A strong Nudgen email workflow should combine:

  • Proper SPF, DKIM, and DMARC setup
  • Clean sending domains or subdomains
  • Behavior-based segmentation
  • Automatic suppression when the user already takes action
  • Clear unsubscribe handling
  • Consistent monitoring of engagement and negative signals

The goal is not just to send more emails. The goal is to send the right email at the right moment, with the technical foundation needed to reach the inbox.

Key Takeaways

SPF, DKIM, and DMARC are essential for modern email deliverability.

SPF authorizes your sending servers. DKIM signs your messages. DMARC enforces alignment and tells receiving servers what to do when checks fail.

Start with an audit of every service that sends email from your domain. Configure SPF and DKIM for each legitimate sender. Publish DMARC with p=none, monitor reports, fix issues, and only then move gradually toward enforcement.

For Nudgen users, authentication is the technical foundation for better lifecycle campaigns. Once your domain is trusted, behavior-based automation can do its job: sending relevant messages that help users activate, engage, return, and convert.

Frequently Asked Questions

Do I need SPF, DKIM, and DMARC?

Yes. SPF, DKIM, and DMARC solve different parts of the authentication problem. SPF validates the sending server, DKIM validates the message signature, and DMARC validates alignment and policy. For serious email sending, you should use all three.

Is SPF enough by itself?

No. SPF helps, but it does not fully protect your domain. SPF can also break in forwarding scenarios. DKIM and DMARC provide additional verification and policy control.

Is DKIM enough by itself?

No. DKIM proves that a message was signed and not modified, but DMARC is still needed to define what happens when authentication fails and to enforce domain alignment.

What DMARC policy should I start with?

Start with p=none. This lets you monitor authentication results without affecting delivery. After you confirm legitimate senders are passing, move gradually to p=quarantine and then p=reject.

How long does DNS propagation take?

DNS changes can appear within minutes, but full propagation can take longer depending on your DNS provider and TTL. If a new record does not show immediately, wait and check again later.

Can I use one SPF record for all subdomains?

No. SPF records are checked on the exact domain used in the return-path/envelope sender. If you send from a subdomain, configure SPF for that subdomain as needed.

Can one DMARC record protect subdomains?

A DMARC record on the organizational domain can apply to subdomains depending on your policy, but you may still want separate DMARC records for important subdomains if they have different sending patterns or risk profiles.

What is DMARC alignment?

DMARC alignment means the domain authenticated by SPF or DKIM matches, or is related to, the visible From domain. At least one of SPF or DKIM must pass and align for DMARC to pass.

What is the difference between relaxed and strict alignment?

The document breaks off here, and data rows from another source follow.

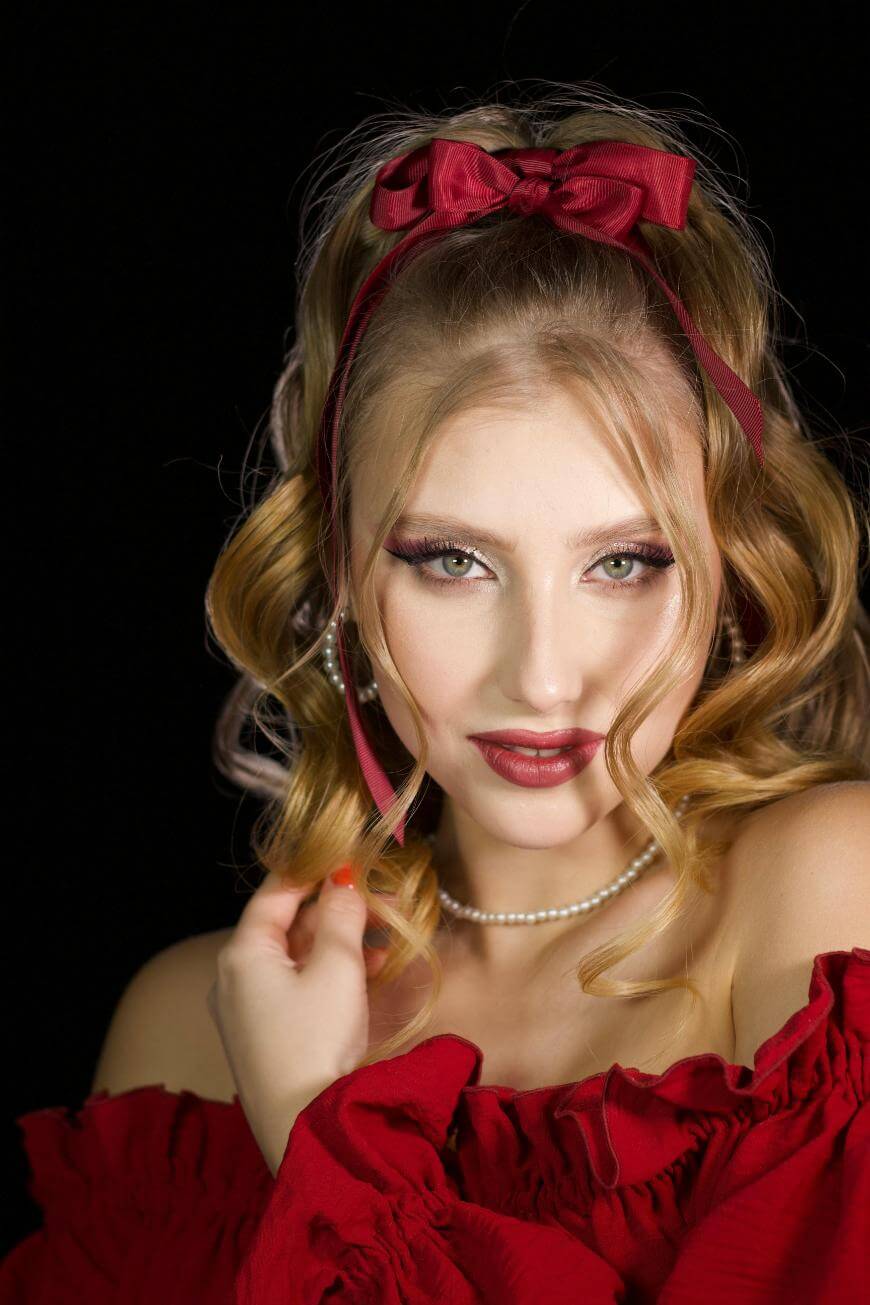 A woman with wavy blonde hair, wearing a red bow headband, off-shoulder red dress, pearl necklace, and bold makeup poses against a black background, gazing confidently at the camera.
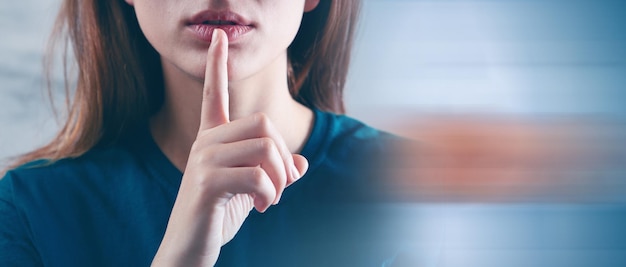 Mulher segurando o dedo nos lábios mostrando o gesto de silêncio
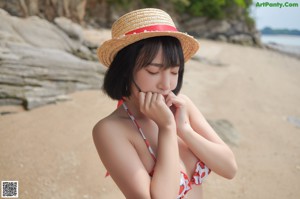 A woman in a straw hat sitting on a beach.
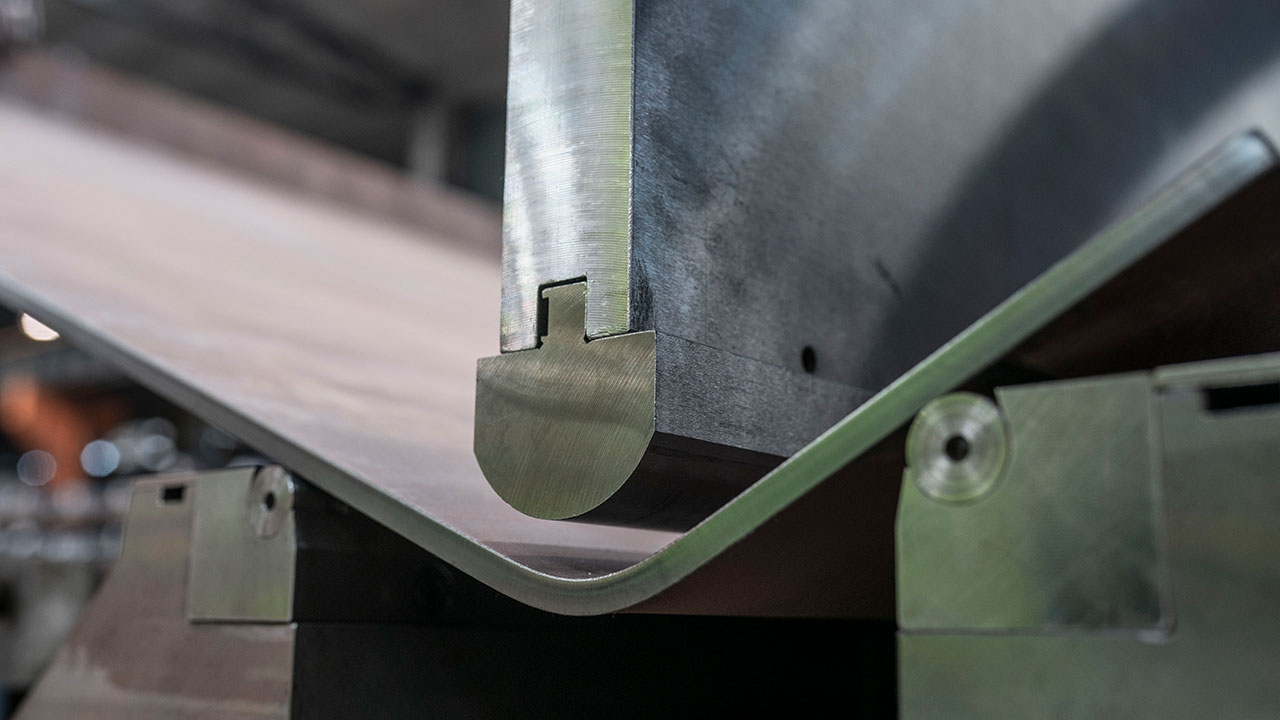 Steel processing - bending of plate.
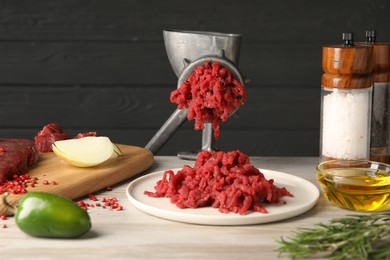 Photo of Metal meat grinder with minced beef and products on light wooden table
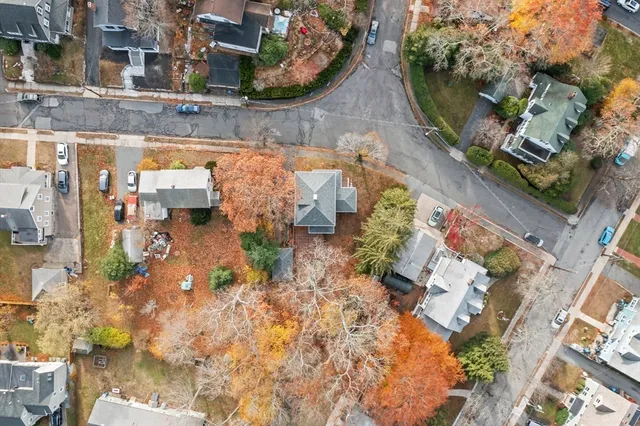 an aerial view of a house with a garden and lake view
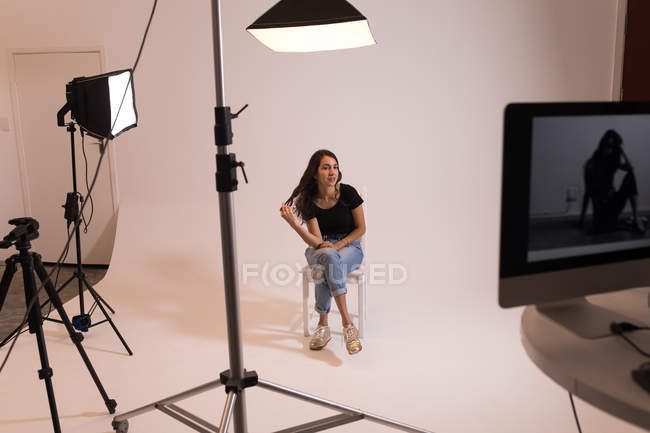 Beautiful female model posing in photo studio — Stock Photo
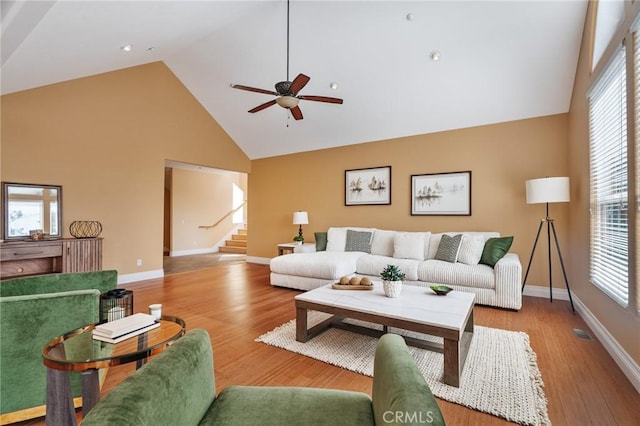 27732 N Bay Rd, Lake Arrowhead, CA 92352 - living room featuring high vaulted ceiling, baseboards, a ceiling fan, stairs, and wood finished floors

Relaxed alignment allows a subdomain to align with the organizational domain. Strict alignment requires an exact domain match. Relaxed alignment is the default and is commonly used by many senders.

What happens if I skip DMARC?

Without DMARC, inbox providers do not have a clear policy from you about how to handle messages that fail authentication. You also lose visibility from DMARC aggregate reports, which makes it harder to detect spoofing or misconfigured senders.

Does authentication guarantee inbox placement?

No. Authentication is required for trust, but inbox placement also depends on reputation, recipient engagement, complaint rate, bounce rate, content quality, sending patterns, and list quality.

Why do behavior-based emails help deliverability?

Behavior-based emails are usually more relevant because they respond to what a user actually did or did not do. Relevant emails tend to receive better engagement and fewer complaints, which can support healthier sender reputation over time.